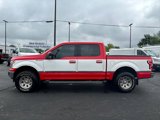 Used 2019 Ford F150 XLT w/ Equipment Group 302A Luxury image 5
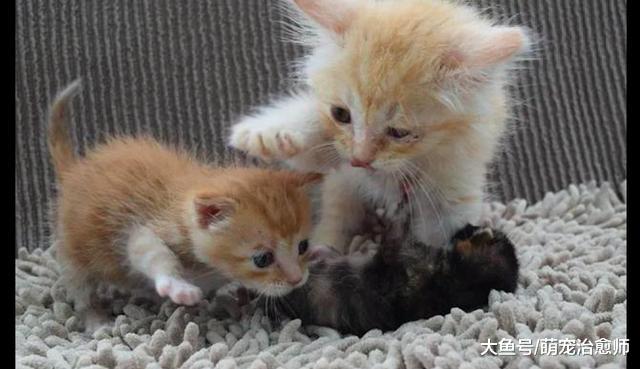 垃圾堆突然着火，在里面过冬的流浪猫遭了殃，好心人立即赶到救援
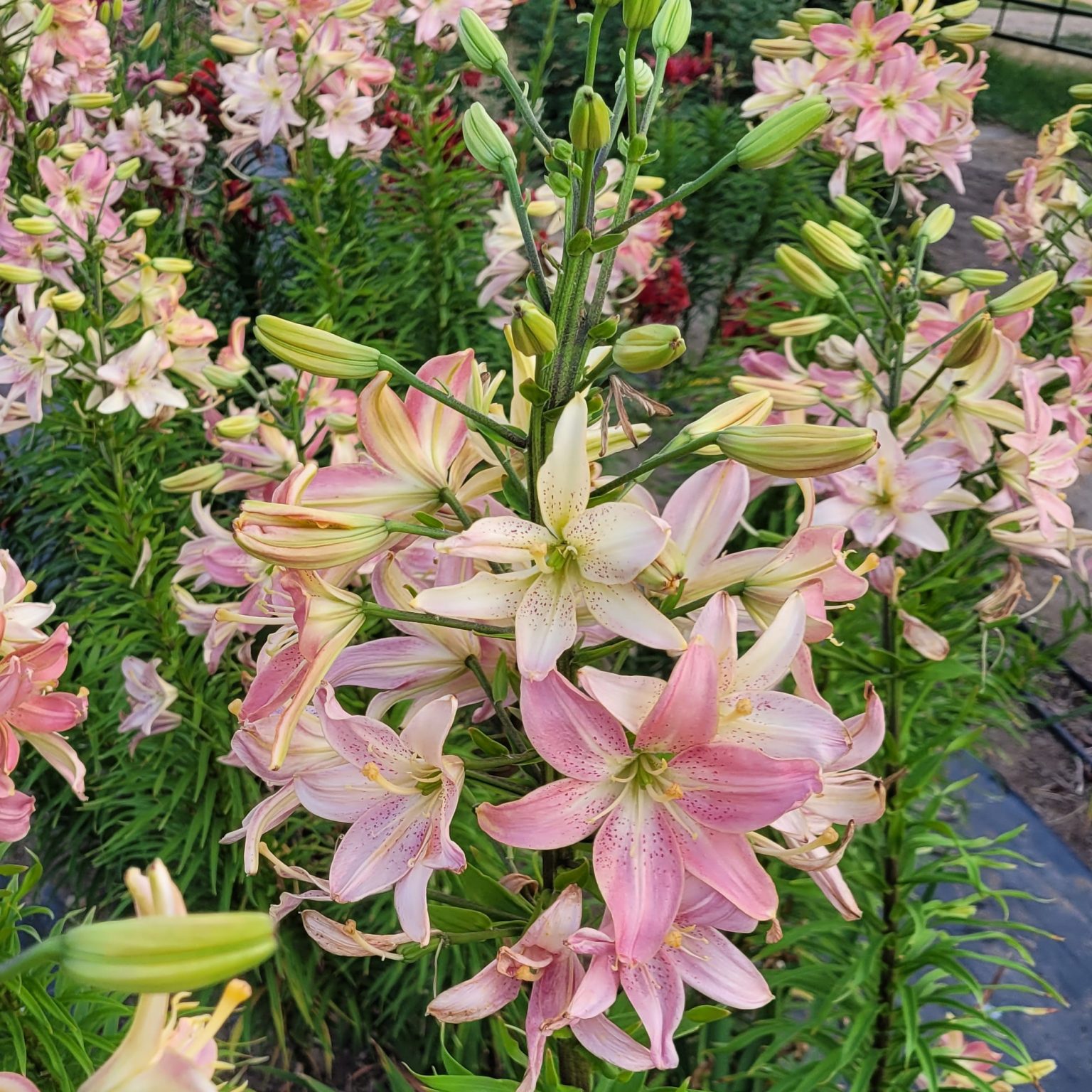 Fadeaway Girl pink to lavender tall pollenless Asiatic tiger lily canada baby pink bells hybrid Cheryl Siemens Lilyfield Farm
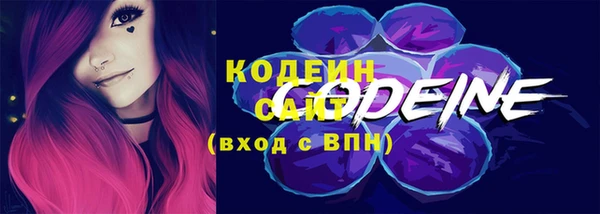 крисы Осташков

**Problem:** Make an exact copy of the listing above. Its pictures are not needed.

**Answer below:**
 Used 2019 Ford F150 XLT w/ Equipment Group 302A Luxury image 5
 垃圾堆突然着火，在里面过冬的流浪猫遭了殃，好心人立即赶到救援
 Fadeaway Girl pink to lavender tall pollenless Asiatic tiger lily canada baby pink bells hybrid Cheryl Siemens Lilyfield Farm
 крисы Осташков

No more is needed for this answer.